Time is a funny thing. Some things that have happened can seem like yesterday, whilst others a life time ago. I wrote in 2013 that I don’t subscribe to time being a healer and I still believe that. Whilst we don’t heal from tragedy it does create a benchmark for how bad life can be. This benchmark is an unwavering reminder what you have dealt with or are dealing with. It helps put all future struggles and challenges into a measurable comparison but can also provide incentive to keep going. The number of times I have said to myself, or others, “it’s not as bad as 2003”, or “we have known much worse than this”, or “I got through 2003, I can get through this”. Our benchmarks change as we grow older but they are always a useful barometer to remind us what we are capable of. As a child, it might be losing or breaking a special toy. As a teen, it could be the process of mending a broken heart from breaking up with our first love, or dealing with our parents divorce. Then as we get older, we eventually deal with the inevitable loss incurred by the death of a loved one. Benchmarks are a part of life but can be a positive tool to help us each and every day. That is how I try to positively look at Deb’s passing. Even in death she is helping each and every day.

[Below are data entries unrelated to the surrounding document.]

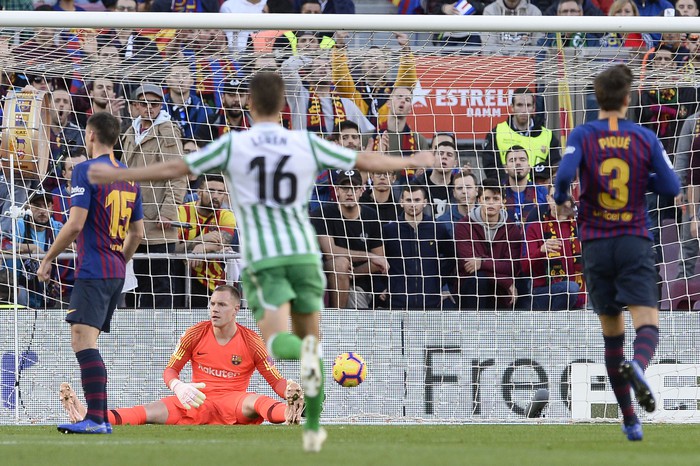 Messi trở lại và ghi bàn, Barca vẫn thua tủi hổ ngay trên sân nhà - Ảnh 3.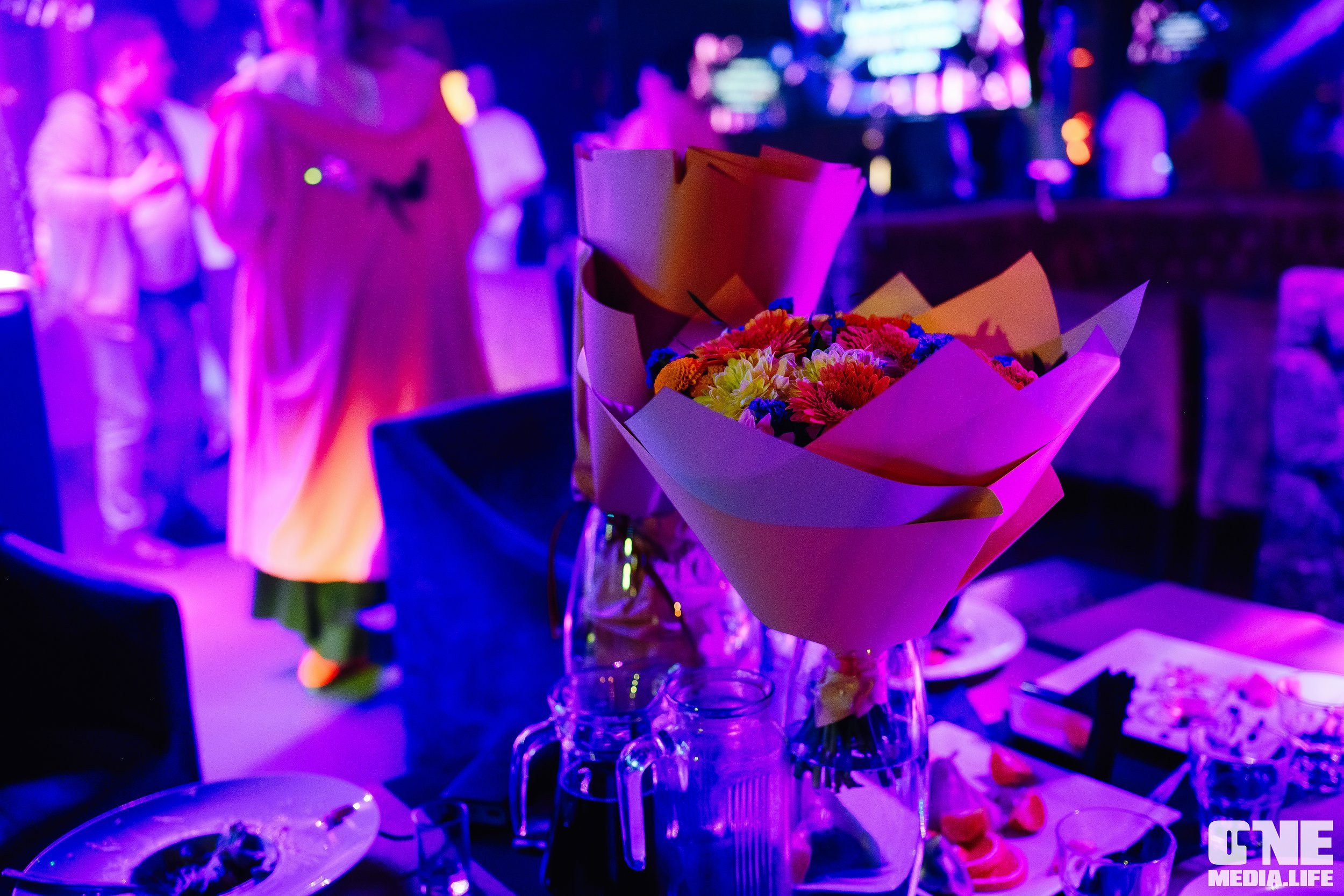 Фотоотчет из караоке-клуба Эйфория. One Media Life: фоторепортажи, фотоотчеты с мероприятий и заведений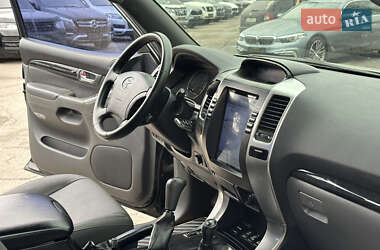 Внедорожник / Кроссовер Toyota Land Cruiser Prado 2007 в 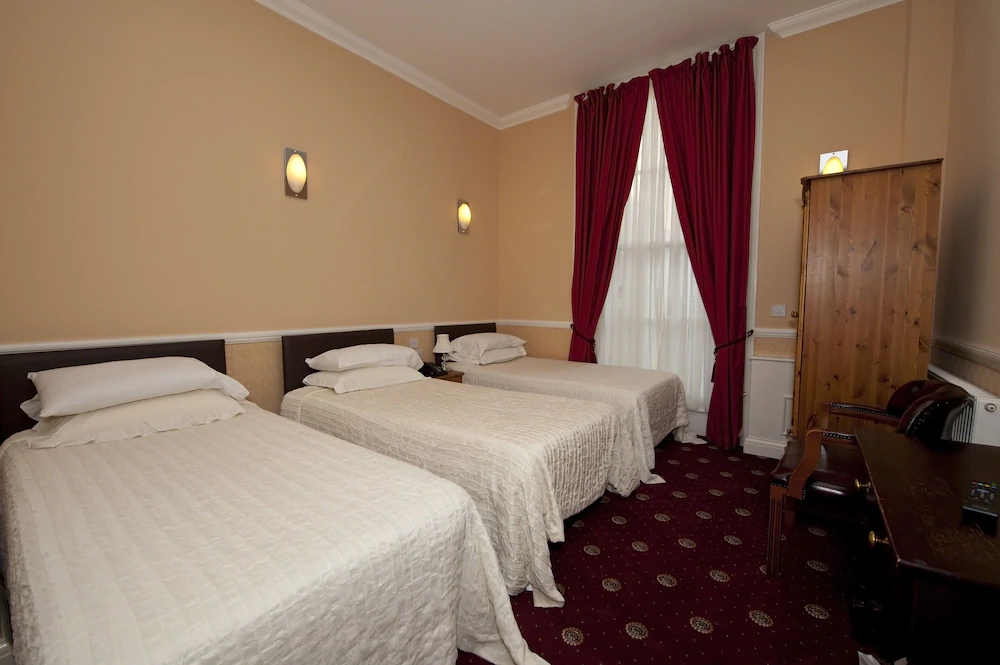 Balmoral House Hotel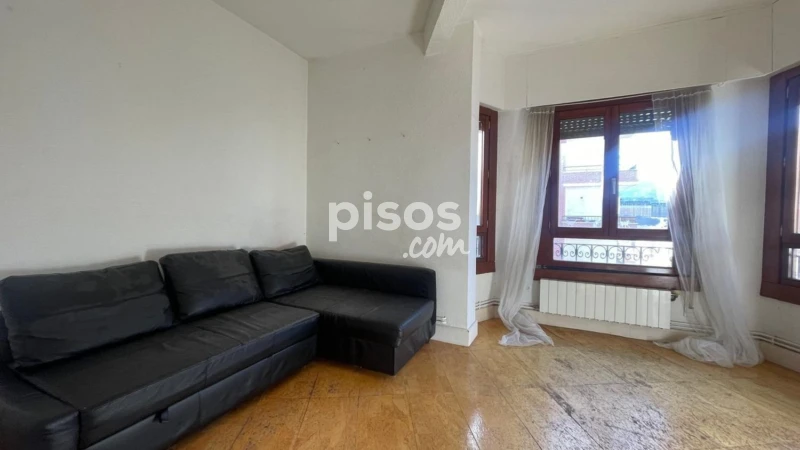 Ático en venta en Calle Iturribide, 115, cerca de Calle Santutxu, Santutxu (Distrito Begoña-Santutxu. Bilbao) de 160.000 €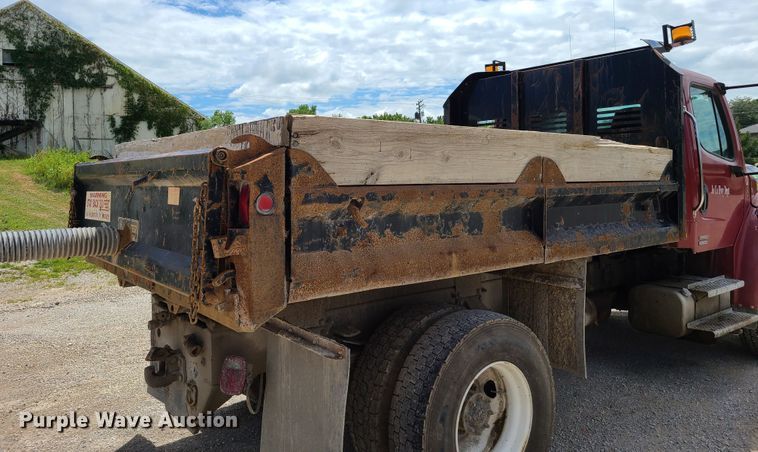 image for item GX9306 2005 Freightliner Business Class M2  dump truck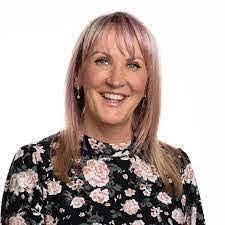 Deirdre Hewitt's Instagram, Twitter & Facebook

The past year has been so hard for so many. The cost of living has gone up so much that some people and families are having to choose to “heat or eat”. Lots of companies are cutting costs, striping back on paid services and making staff redundant. This all adds to the spiralling stress and anxiety being felt by so many. This is over and above “normal” life being lived – juggling work, kids, parents, homes or people we care about getting sick. Some would say these are all first world problems. And yes whilst they are compared to those living in the likes of Israel, Gaza, Ukraine or the Russia border right now, remember we are lucky enough not to live in a war zone. For sure it’s always good to have a healthy perspective on things, especially our own lives but don’t minimise what you are dealing with right now because other people in this World have it much harder than yourself. That perspective is healthy like I say but it doesn’t stop the bill from needing to be paid, or loved ones getting sick – all very real challenges we face every day. That minimising or even denying eventually leads to greater problems. Instead use your benchmark to help keep moving forward, getting you through things. Thanks Debs for being mine!

Whilst on the subject of benchmarks, perspective and time. I understand all too well how challenging life can be but please know it’s always so lovely to get messages about how something has reminded you about Debs. Thank you for taking the time and effort and continuing to share them with me or mum. These reminders are not necessarily linked to a certain date each year. Of course it means a lot when you do reach out on those poignant dates, but what is more important when something, at some point, triggers you to remember Debs, is that hold her in your mind and heart for a moment or two………

Thanks to everyone who reads this and cares.

Until next year. DING! x

One thought on “2024 – 21 Years

  1. Even though time passes, sometimes when I’m walking through the crowd I hear a laugh that sounds like Debbie’s, so I stop and her memory comes back to me for a few moments. Afterwards, I always leave with a slightly lighter heart… I hope all is well with you and your family.